For over 40 years, William ‘Bill’ Berge Phillips served the aquatic disciplines equally and distinguishably. As a leader and administrator, he worked tirelessly with a focus to get the job done. During his tenure from the mid 1940s to his official “”retirement”” in 1990, swimming in Australia and the world took on numerous changes, many of which were influenced by Phillips.
Berge Phillips was a solicitor and active water polo player who had begun his career as an administrator at the age of 15, when he became a delegate from the Abbotsford Club to the New South Wales Amateur Swimming Association (NSWASA). At 18, he was appointed as a costume steward at state championships. He loved a fight, and sailed into his first public controversy in 1934, aged 19, when he refused to allow the American diving champion Frank Kurtz to perform in Sydney until he donned a regulation swimsuit.

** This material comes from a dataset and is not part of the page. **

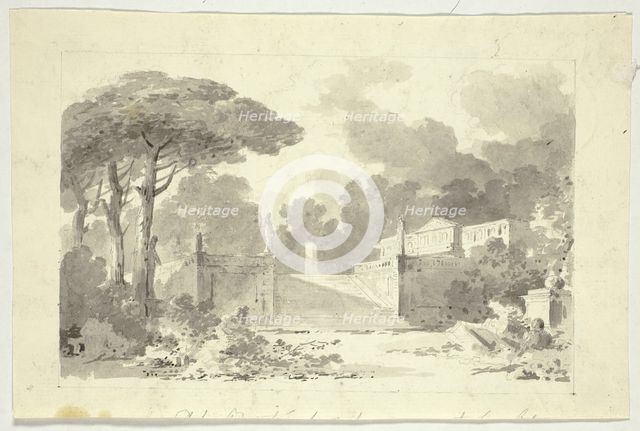 View of the Park at Versailles: Monumental Staircase, Pedestal and Temple, n.d. Creator: Pierre Antoine Mongin.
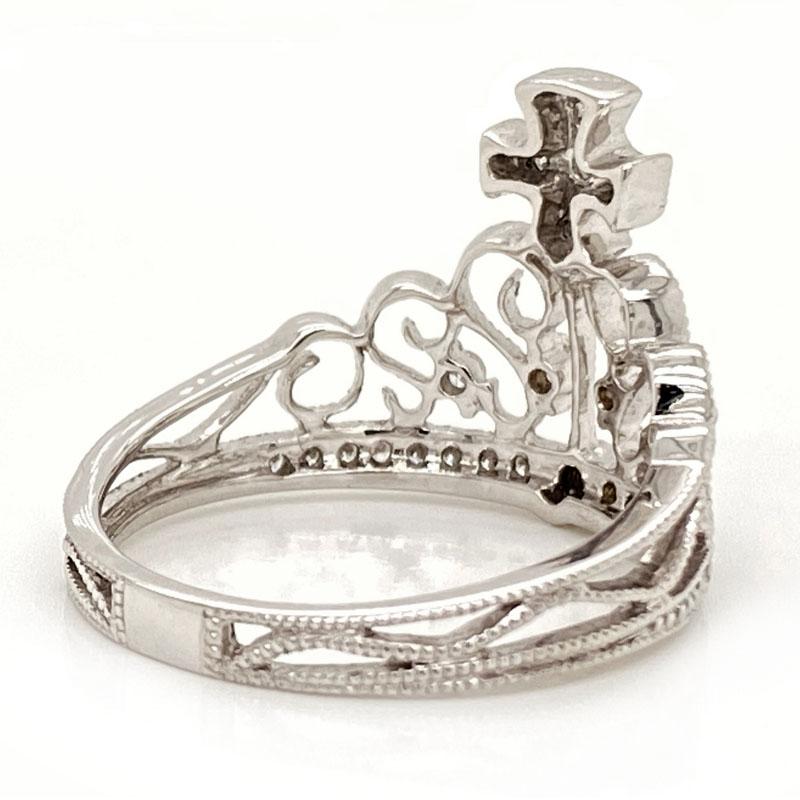 Women's or Men's Solid 18 Karat White Gold Genuine Diamond Crown Ring 0.25 Carat 3.4g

Berge Phillips was an Executive Member of the Australian Swimming Union (ASU) from 1940 to 1973, serving as Secretary Treasurer from 1941 to 1967 and President from 1967 to 1970. He was destined to become one of the most powerful men in Australian and international swimming, becoming a Bureau member of the Federation Internationale de Natation Amateur (FINA) from 1948 to 1976 in which time he became an honorary life member. From 1952 to 1964, he served as Vice President and as President from 1964 to 1968, becoming the first Australian to head an international governing body. He was founding President of the General Assembly of International Sports Federations from 1966 to 1969.
During his time as president of FINA, additional swimming events were added to the Olympic list in 1968, including men’s and women’s 200m freestyle, 100m breaststroke and 200m individual medley, the men’s 100m backstroke and 100m butterfly and the women’s 800m freestyle, 200m backstroke and 200m butterfly, a total of 11 events, the most added at any one time in the history of the sport.
At the 1968 FINA Bureau meeting, Berge Phillips appointed the first committee to establish world championships for aquatics. This vision was realised as the first World Championships of Belgrade, Yugoslavia in 1973.
Berge Phillips served as Olympic referee of swimming at the 1960 Rome Olympics, 1964 Tokyo Olympics, 1972 Munich Olympics, and the 1976 Montreal Olympics. He served on the Olympic Jury of Appeal and Management Committee for Swimming at 12 Olympic Games for 44 years, from London in 1948 to Barcelona in 1992, serving as Committee Chairman in 1968. He served as chief judge for swimming at the 1948 London Olympics, 1952 Helsinki Olympics, and the 1956 Melbourne Olympics. He was chief judge for the Water Polo Commission in Tokyo, Munich, and Montreal.
At the 1956 Melbourne Games, Berge Phillips was the Arena Manager for swimming and a member of the Organising Committee. He also served as an Australian Olympic Committee Council Member from 1946 to 1977, and manager-coach of the 1948 Olympic swimming team.
He was a member of the International Water Polo Committee from 1962 to 1964 and 1972 to 1976, and received the FINA gold medal in 1968 and Gold Service Award in 1977. He served as an international referee for each of swimming, diving and water polo.
At the first six world championships, Berge Phillips was a Jury of Appeal and Management Committee member and Chairman of the Water Polo Technical Committee from 1973 to 1975. He served as the FINA representative to every Commonwealth Games from 1950 to 1966, serving as chief judge, swimming referee, or water polo referee. For ten years, beginning in 1952, he was honorary Secretary Treasurer of the British Empire and Commonwealth Games Swimming Federation. He was an Executive Member of the Australian Commonwealth Games Association from 1946 to 1976, a Commonwealth Games conference delegate 15 times from 1948 to 1989 and an official at ten Commonwealth Games from 1938 to 1990. He served as Asian Games swimming, diving and water polo referee as well as at Southeast Asian Games and South Pacific Games.
As a teacher, he organised and served on numerous learn-to-swim committees within NSW, co-authoring the Learn-to-Swim Instruction Book in 1954. He was the first Australian to serve on and become involved with the international process of administering the four aquatic disciplines.
In 1976, Berge Phillips became an Officer of the Order of the British Empire (OBE) for his many years of service to the Commonwealth and the world of swimming. In 1983 he was honoured by the International Olympic Committee with the Silver Award of the Olympic Order.